▶ WHAT YOU ARE ASKED TO DO
Would you retype, word for word, the line with "KKXIU Purse Gifts" and each line after it to the end of the entries below, leaving the pictures out?

+++ DATA FOR THIS TASK +++

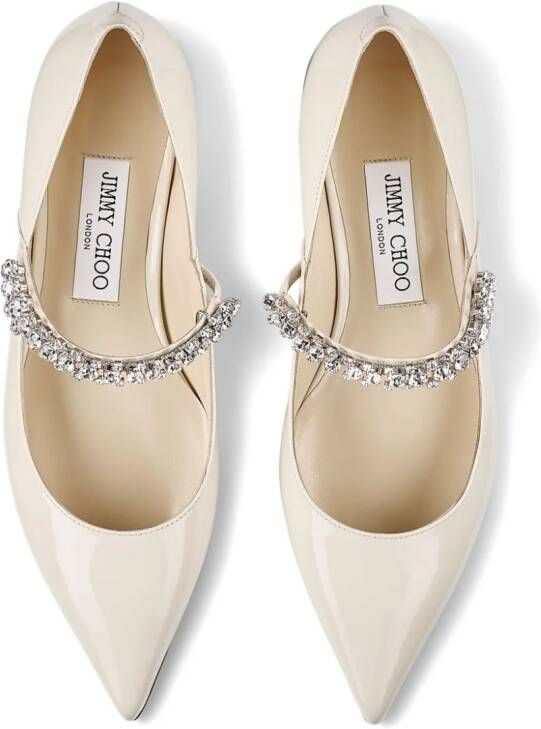 Jimmy Choo Bing crystal-strap ballerina shoes Neutrals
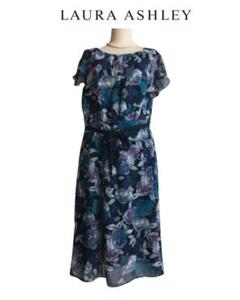 ローラアシュレイ カシュクールロングワンピース 花柄 総柄 A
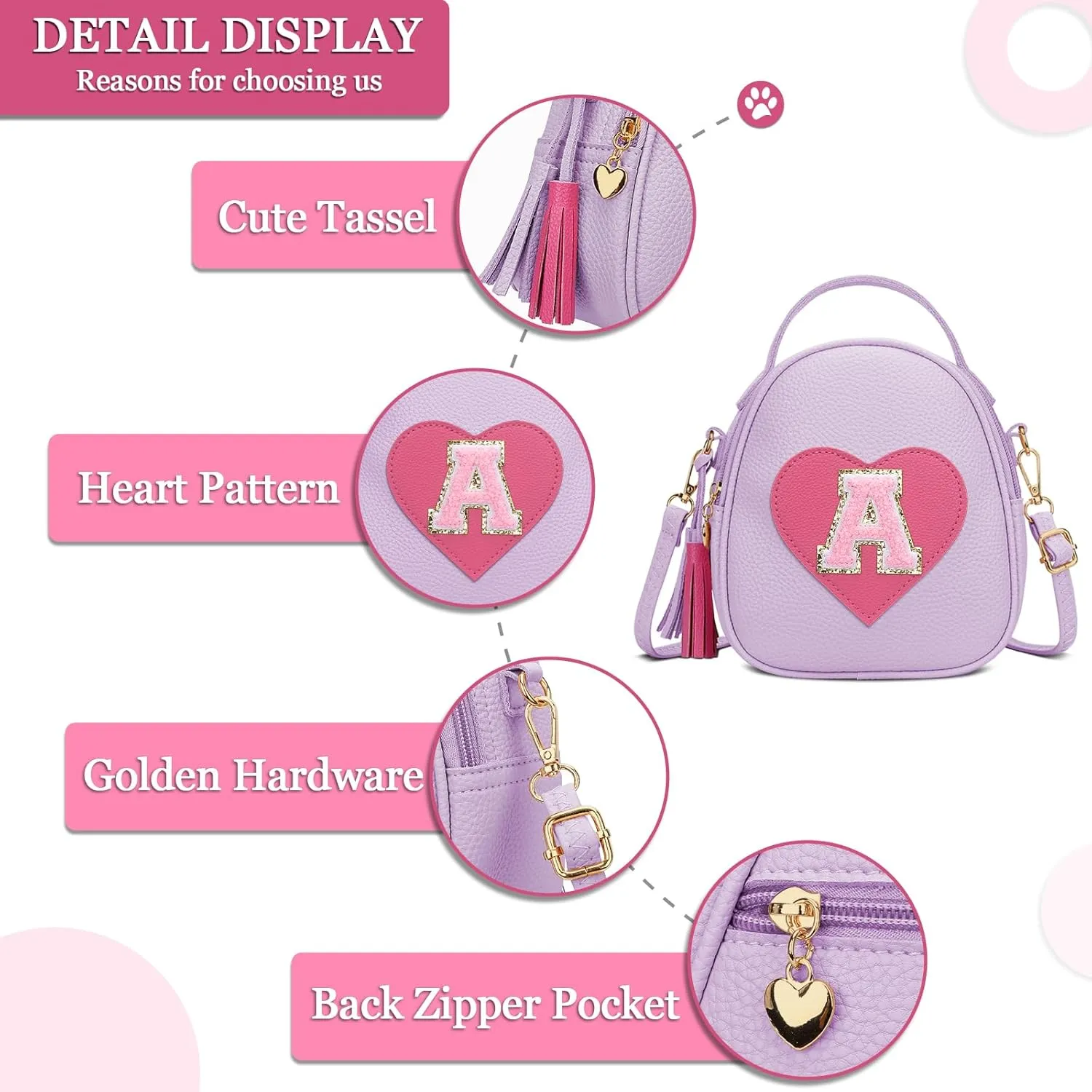 KKXIU Purse Gifts for Girls Cute Little Girl Crossbody Bag Heart Kids Small Backpack with Tassel (Purple-A)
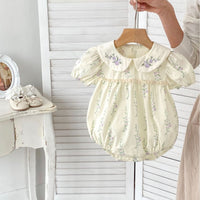 Load image into Gallery viewer, Baby Girls Flower Print Rompers Wholesale 240409146
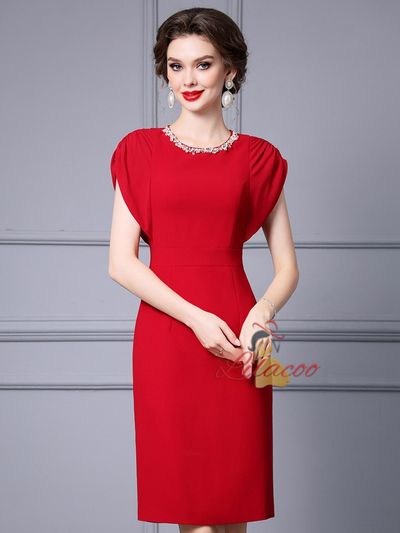 Red Pleats Beading Mother Of The Bride Dress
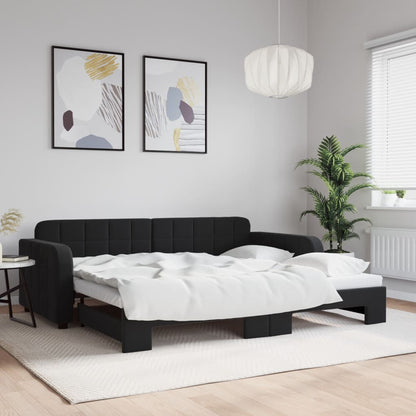 Divano Letto con Letto Estraibile Nero 90x190 cm in Velluto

+++

▶ SOLUTION FOR THIS PROBLEM
 KKXIU Purse Gifts for Girls Cute Little Girl Crossbody Bag Heart Kids Small Backpack with Tassel (Purple-A)
 Load image into Gallery viewer, Baby Girls Flower Print Rompers Wholesale 240409146
 Red Pleats Beading Mother Of The Bride Dress
 Divano Letto con Letto Estraibile Nero 90x190 cm in Velluto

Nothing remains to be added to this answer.